Anne Baxter earned an academy award for Best Supporting Actress for her role as Sophie, who begins the film passionately in love with her husband (though there are hints that she likes her drinks a little too much) and goes completely to pieces after he dies. She’s partially a parallel character to Larry. Both are wounded people who lived when someone close to them died and don’t know how to go on. He responds by trying to find the reason for living, but she does not even try. It seems to hurt her too much to even face it. And ultimately there is some truth to Isabel’s assertion that Sophie doesn’t want to be helped.
The film is extremely earnest in tone, though it is lightened by the presence of Clifton Webb and one scene with Elsa Lanchester (who made me wish she was in the film more). Webb’s Elliott Templeton is a snob of snobs, but as the film goes on one realizes that he is also kind and generous, and rather vulnerable at core (he’s often ridiculous and in his heart, I think he knows it).
But the heart of the film is Larry’s quest and the film tends to be vague on this point. We hear that he has learned things about himself, but we never learn what they are. Partly, this is because it’s difficult to write about finding something most people have never found. There’s no vocabulary for it. Even the character of Larry has trouble expressing what it is he’s looking for. The meaning of life? Why is he alive and what should he do? What’s his place in the world? Ultimately, what he really seems to be doing is being a part of life, working, meeting people from all walks of life, being a friend who listens, trying to help. He’s not a bum, he works, but he’s living in a way that allows him to be as open to people and experience as possible.
In some ways, it made me think of Lost Horizon. The novel of Lost Horizon was written eleven years before the novel The Razor’s Edge and the movies were only nine years apart. But in Lost Horizon, the main character is looking for a place of peace, as if the author knew a terrible war was coming and wants to avoid what is ahead. But Larry is looking for inner peace, since the war feared in Lost Horizon has already happened (at least it happened in real life; the story takes place before WWII) and now he needs to live in the world. One weakness of the film, however, is the middle, with the hollywoodized portrayal of Eastern philosophy and religion which come out sounding so vague it’s hardly recognizable as any particular religion. Still, I admire the film’s ambition.
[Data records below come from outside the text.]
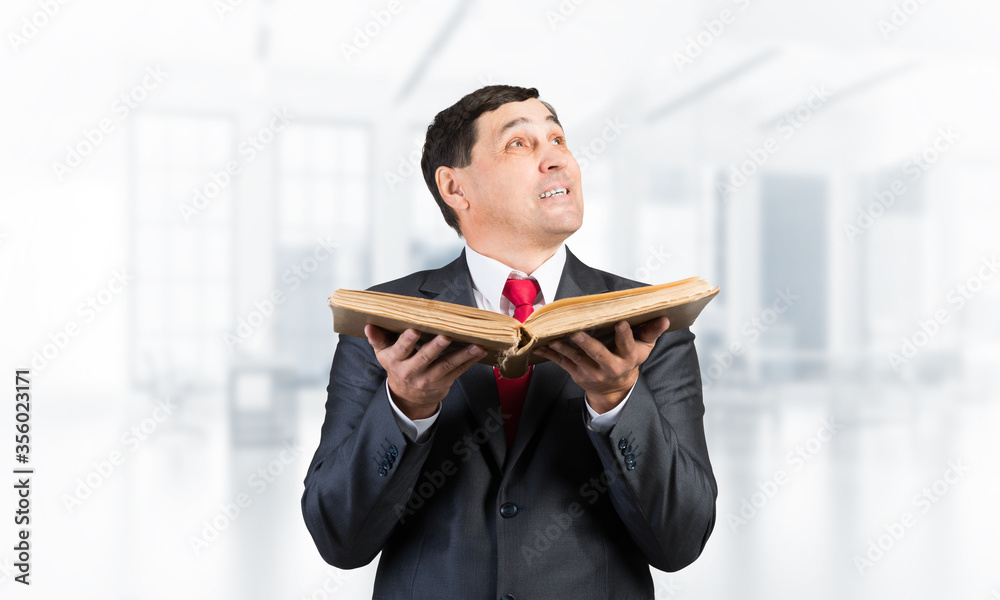 Happy senior businessman holding open book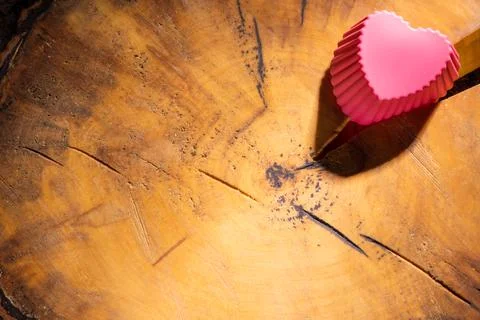Red heart with a pattern on a cracked sawn tree with bark Stock Photos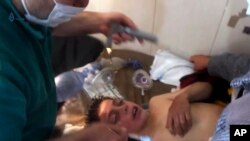 Un médico sirio tratando a un niño después de una sospecha de ataque químico.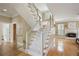Carpeted staircase leading to a landing area and open living space at 5595 Timson Ln, Johns Creek, GA 30022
It’s difficult to portray goodness (Maugham makes a comment about Larry having found genuine “goodness”). It’s something people instinctively recognized, but have difficulty expressing. We’re much better at portraying more negative emotions. And The Razor’s Edge doesn’t entirely succeed in showing what an alternate mode of living would be like. Partly, this is because Larry has means (he seems to have a mysterious income, small though it is, that allows him to live a lifestyle of searching) which are not available to most people. He also stays single. In Tolstoy’s War and Peace, Pierre somewhat loses his contented state when he marries Natasha. Other concerns tend to crop up when one has obligations to other people. The vagueness also hurts. What has Larry found? But Power brings sincerity to his role and there is something sympathetic about his essentially humble search that allows him to non-judgmentally empathize with other people.